"Courage is the capacity to confront what can be imagined"
About this Quote
Rosten’s line flips the usual script: courage isn’t about slaying real dragons, it’s about standing up to the ones your mind can manufacture on demand. “What can be imagined” is doing the heavy lifting here. It smuggles in the idea that fear is often an anticipatory art form - a private cinema where we audition disasters, rehearse humiliation, and storyboard regret. In that sense, courage becomes less a battlefield virtue than a mental discipline: the ability to meet your own projections without being ruled by them.
The intent feels pointedly modern, even if the author isn’t marketed as a modernist. Rosten lived through the century’s loudest proof that imagination can be both salvation and weapon: propaganda, total war, ideological purges, the bureaucratic machinery of fear. When imagination scales up, it doesn’t just haunt individuals; it organizes nations. So the subtext isn’t “be brave” in a postcard way. It’s a warning about how much of our panic is speculative - and how easily speculative panic can be mobilized.
As a novelist, Rosten also understands imagination’s double bind. Writers are trained to see consequences before they happen; that same sensitivity can curdle into paralysis. By defining courage as “capacity,” he sidesteps macho heroics and points to stamina, practice, and choice. The line works because it diagnoses a paradox: the mind that best foresees danger is also the mind most capable of outgrowing it.
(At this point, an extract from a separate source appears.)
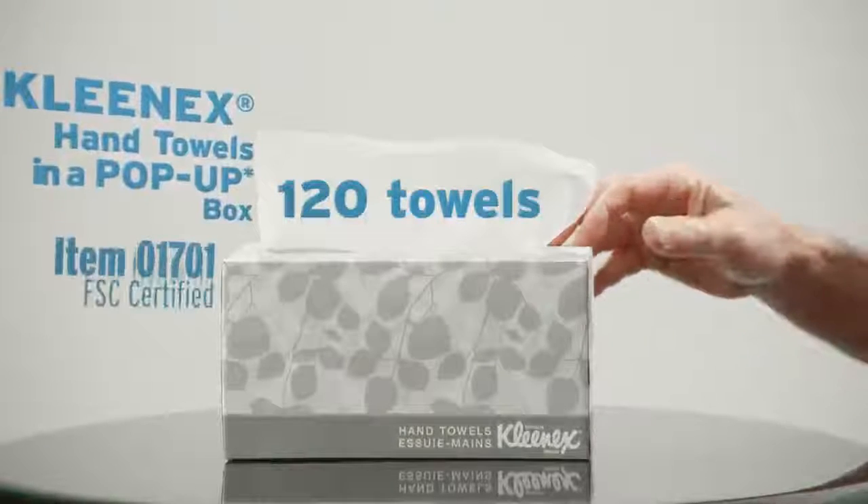Don't you hate seeing a mess of soggy towels on the counter when you wash your hands? Here's a solution: Kleenex hand towels in a pop-up box.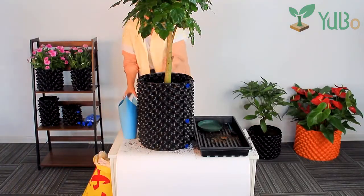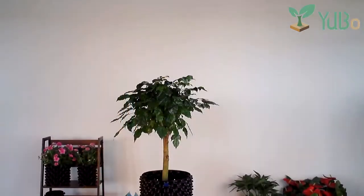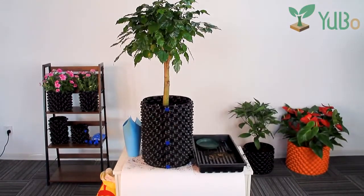Air pruning pots can be made to any diameter in a variety of heights and can be used as pots with or without a base. If you need our root pots, please contact us — we will bring you a satisfactory shopping experience.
The intent feels pointedly modern, even if the author isn’t marketed as a modernist. Rosten lived through the century’s loudest proof that imagination can be both salvation and weapon: propaganda, total war, ideological purges, the bureaucratic machinery of fear. When imagination scales up, it doesn’t just haunt individuals; it organizes nations. So the subtext isn’t “be brave” in a postcard way. It’s a warning about how much of our panic is speculative - and how easily speculative panic can be mobilized.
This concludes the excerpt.